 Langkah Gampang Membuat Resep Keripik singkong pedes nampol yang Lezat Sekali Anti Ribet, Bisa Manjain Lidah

---

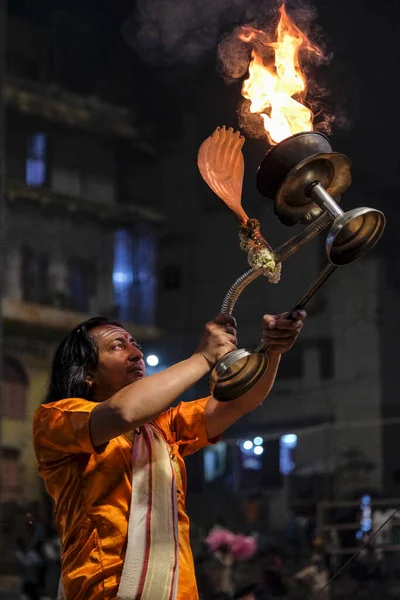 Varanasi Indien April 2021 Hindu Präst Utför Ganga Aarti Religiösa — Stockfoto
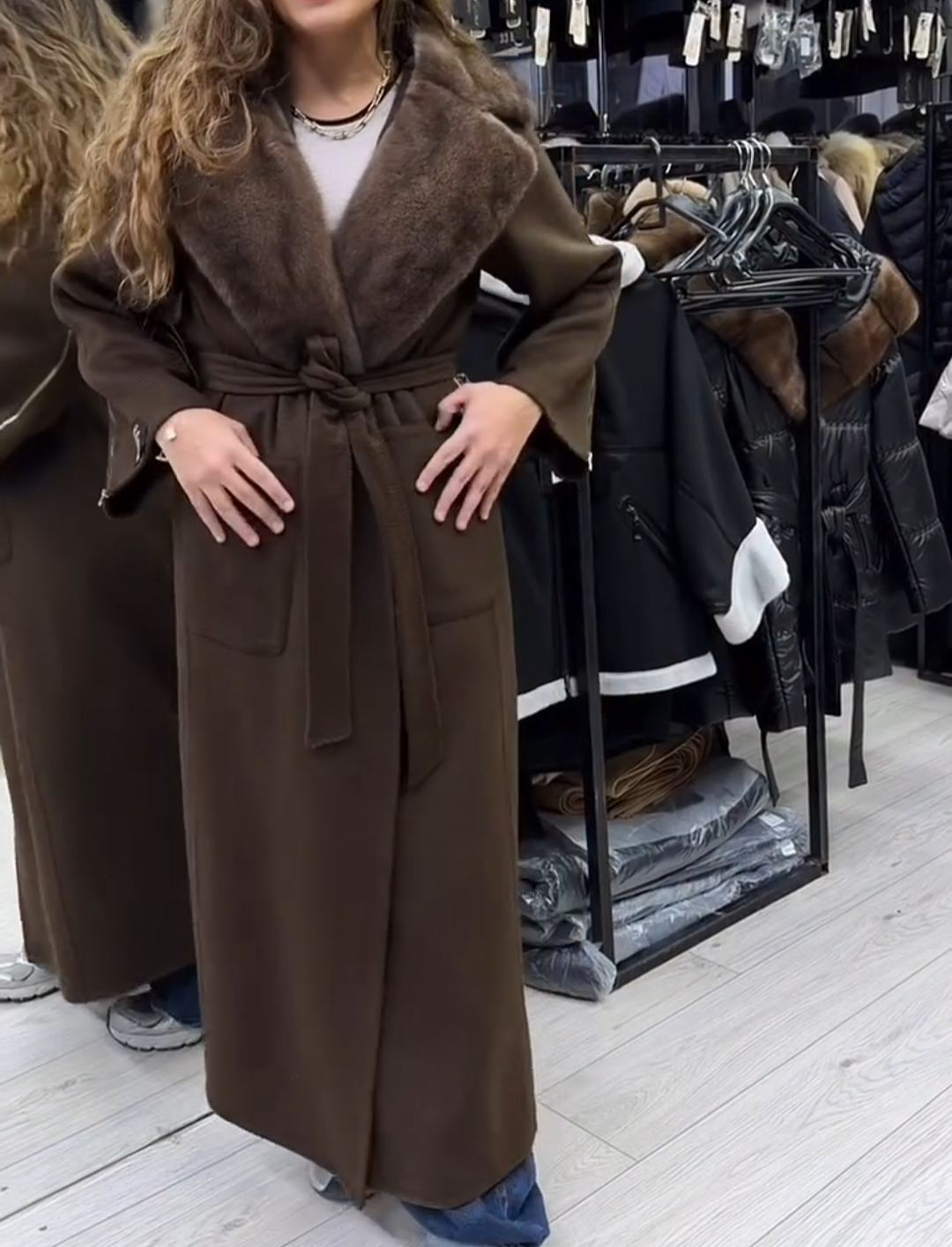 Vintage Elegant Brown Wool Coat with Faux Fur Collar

§ EXERCISE
Without the pictures, set down the lines above from the line with "Varanasi Indien April" up to and including the line with "Vintage Elegant Brown" exactly as they stand.

§ WRITTEN REPLY
 Varanasi Indien April 2021 Hindu Präst Utför Ganga Aarti Religiösa — Stockfoto
 Vintage Elegant Brown Wool Coat with Faux Fur Collar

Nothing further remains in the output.